González en el acto del 8 de febrero en plaza San Martín
Fabián Esteban González es abogado y patrocina a la familia de Úrsula Bahillo en la causa civil ya iniciada contra diferentes organismos del Estado que, a su juicio, posibilitaron, o no impidieron debiendo hacerlo, el crimen de la jovencita rojense. Esta situación fue resumida por Patricia Nasutti: «El Estado ausente y la justicia me mataron a mi hija», afirmaba durante el acto realizado el martes, cuando se recordó el primer año sin Úrsula.
Consultado sobre la situación, González se mostró sorprendido «por la cantidad de personas que están esperando justicia. Jamás me imaginé que podría suceder una cosa así cuando fui a la facultad de Derecho. Siento vergüenza por este sistema, por este departamento judicial de Junín, donde de catorce fiscales hoy quedaron tres. Lo lamento por toda esta gente, porque si a partir de hoy tienen problemas, no hay más justicia».
Luego agradeció a los presentes por movilizarse, y les aconsejó «que empiecen a preocuparse porque el sistema judicial no los va a ayudar; deberán ayudarse ustedes solos, si es que realmente quieren justicia».

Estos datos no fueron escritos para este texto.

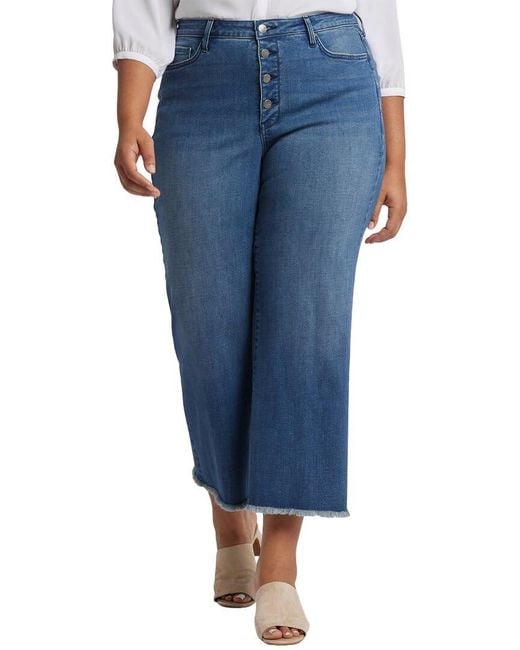 NYDJ Plus Size High-rise Teresa Wide Leg Ankle In Mission Blue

Con respecto a la ya conocida cadena de encubrimiento, complicidad e inoperancia que posibilitó el crimen consideró el letrado que «no vamos por nadie en particular, sino por un sistema que sea realmente justo. Los que posibilitaron que este hecho fuera cometido deberían, al menos, ser retirados de sus cargos; y el Estado, indeminizar la muerte de una chica que no tendría que haber fallecido. Es así».
Reiteró que, en principio, los funcionarios cuestionados son el juez subrogante de Mercedes Marcelo Romero, que no ordenó la detención del oficial de la policía bonaerense Matías Ezequiel Martínez a pesar de que una menor con discapacidad lo acusó positivamente de abuso sexual en cámara Gesell, y el juez de paz de Rojas, Luciano Callegari, que desestimó denuncias y no procedió con la celeridad que la situación requería. No obstante, aclaró que «a estas personas no las va a condenar Patricia Nasutti ni su abogado, sino que cuando se inicien las respectivas demandas, el sistema de justicia determinará si el doctor (Luciano) Callegari cometió "un horror o un error" (SIC), y el juez de Mercedes, lo mismo. Es el sistema para el que ellos trabajan el que deberá dar la sentencia en su momento».
Con respecto a los plazos, explicó que «para la presentación de las demandas civiles tenemos tres años, pero eso ya está hecho; falta solamente presentarlo, y no lo hicimos hasta ahora para dejar pasar esta fecha, por respeto a los padres. Pero la demanda ya está hecha».